When some people look into bright light, they sneeze. I look at some good development and start having very strong, foul feelings unrelated to any other ideas or attitudes I may have. It's a post-hoc thing.
In psychoanalytic ambivalence (as I understand it), two opposing inclinations or feelings about something come into conflict over some possible future action – a choice. I don't really have opposing feelings. I cognitively evaluate a situation as "good" and start having bad feelings.
Having mixed feelings is something else, too. I don't seem to have *mixed* feelings when the foulness starts. It comes out of nowhere and increases the more I see that I've succeeded or whatever.
This is why I think it's maybe a reward system dysregulation. As the brain detects some good event, it triggers certain neurons to release DA or endorphins or whatever. I think in *my* brain, instead of detecting that release as a normal thing, my brain says, "Whoa! Too much!" and reverses the reward action until I feel WORSE than before.

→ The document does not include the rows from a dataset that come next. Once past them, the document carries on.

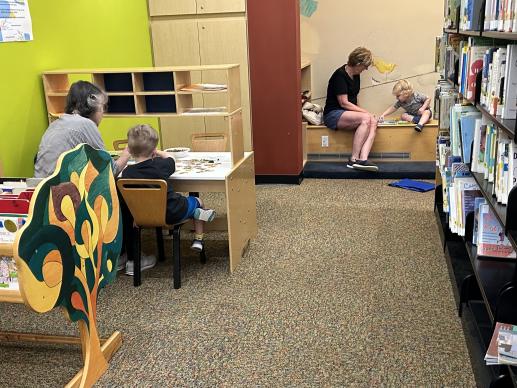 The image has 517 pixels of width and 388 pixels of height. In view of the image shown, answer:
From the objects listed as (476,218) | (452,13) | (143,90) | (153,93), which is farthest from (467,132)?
(143,90)

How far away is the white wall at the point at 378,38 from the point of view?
6.07 metres

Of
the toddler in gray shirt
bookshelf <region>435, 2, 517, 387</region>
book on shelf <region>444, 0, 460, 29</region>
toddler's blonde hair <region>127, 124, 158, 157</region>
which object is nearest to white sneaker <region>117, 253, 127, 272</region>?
toddler's blonde hair <region>127, 124, 158, 157</region>

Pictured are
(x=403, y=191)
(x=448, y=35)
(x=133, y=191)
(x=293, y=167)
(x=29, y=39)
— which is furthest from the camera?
(x=293, y=167)

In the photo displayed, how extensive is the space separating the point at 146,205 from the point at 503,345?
2030 millimetres

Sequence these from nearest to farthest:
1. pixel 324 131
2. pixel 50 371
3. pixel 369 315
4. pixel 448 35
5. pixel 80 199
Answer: pixel 80 199
pixel 50 371
pixel 369 315
pixel 448 35
pixel 324 131

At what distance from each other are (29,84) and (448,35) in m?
3.02

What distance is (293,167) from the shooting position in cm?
548

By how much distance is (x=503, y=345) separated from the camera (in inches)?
73.8

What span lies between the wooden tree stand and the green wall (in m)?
1.21

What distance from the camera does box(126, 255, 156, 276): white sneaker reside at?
138 inches

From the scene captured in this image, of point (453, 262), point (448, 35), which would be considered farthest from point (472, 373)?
point (448, 35)

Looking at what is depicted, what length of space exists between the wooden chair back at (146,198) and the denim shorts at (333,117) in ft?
10.3

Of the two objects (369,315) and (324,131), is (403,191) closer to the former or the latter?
(324,131)

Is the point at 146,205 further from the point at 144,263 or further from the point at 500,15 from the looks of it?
the point at 500,15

Such a dysregulated response could get mistaken for ambivalence or unconscious self-destructive motivation or cognitive filtering or some other hypothesized psychological construct, and I have often tried to explain it in such terms. But the physiological theory fits my experience much better.
I don't remember ever reading anything that described what I'm trying to talk about. I was hoping that this might ring a bell for someone out there in Babbleland. Surely, I'm not the only one who experiences this.